Give again, word for word, the lines below that run from the line with "Kamer - Onbekend/Amsterdam (€850.00/14.00m2)" through the line with "寺田ガ－デンハイツ１番館の物件内観写真". Drop the pictures.

Records for this task ▸
Content starts

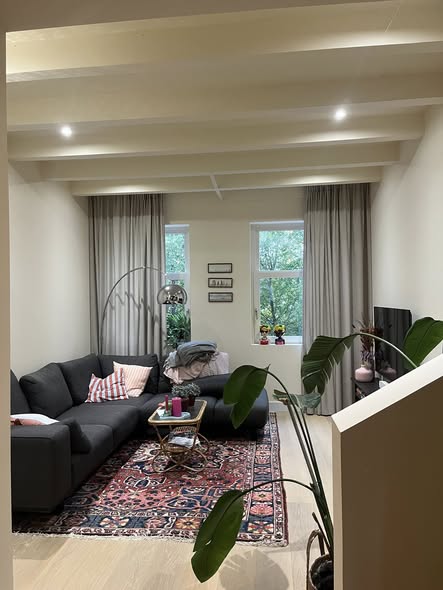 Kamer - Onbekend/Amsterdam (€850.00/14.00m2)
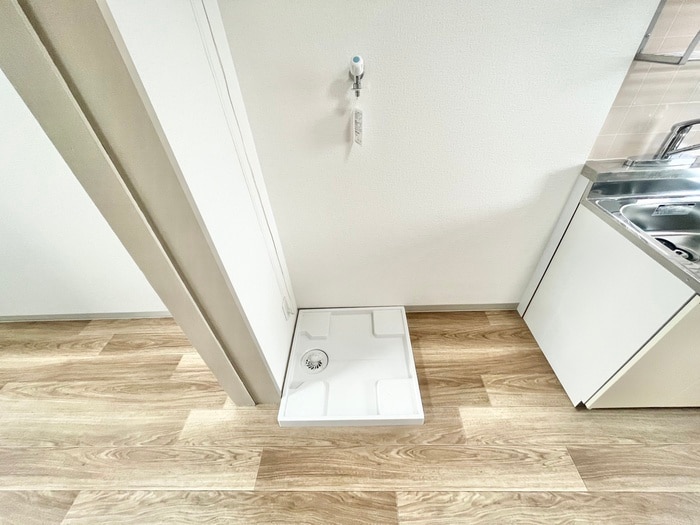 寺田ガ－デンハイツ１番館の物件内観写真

Content ends
Content starts

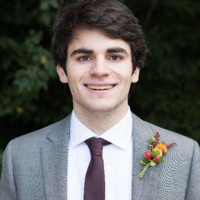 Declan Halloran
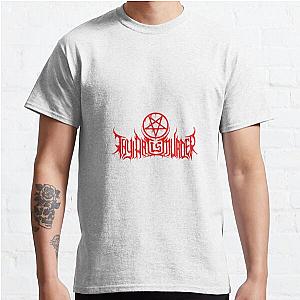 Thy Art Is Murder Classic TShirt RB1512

Content ends

Response box ▸
 Kamer - Onbekend/Amsterdam (€850.00/14.00m2)
 寺田ガ－デンハイツ１番館の物件内観写真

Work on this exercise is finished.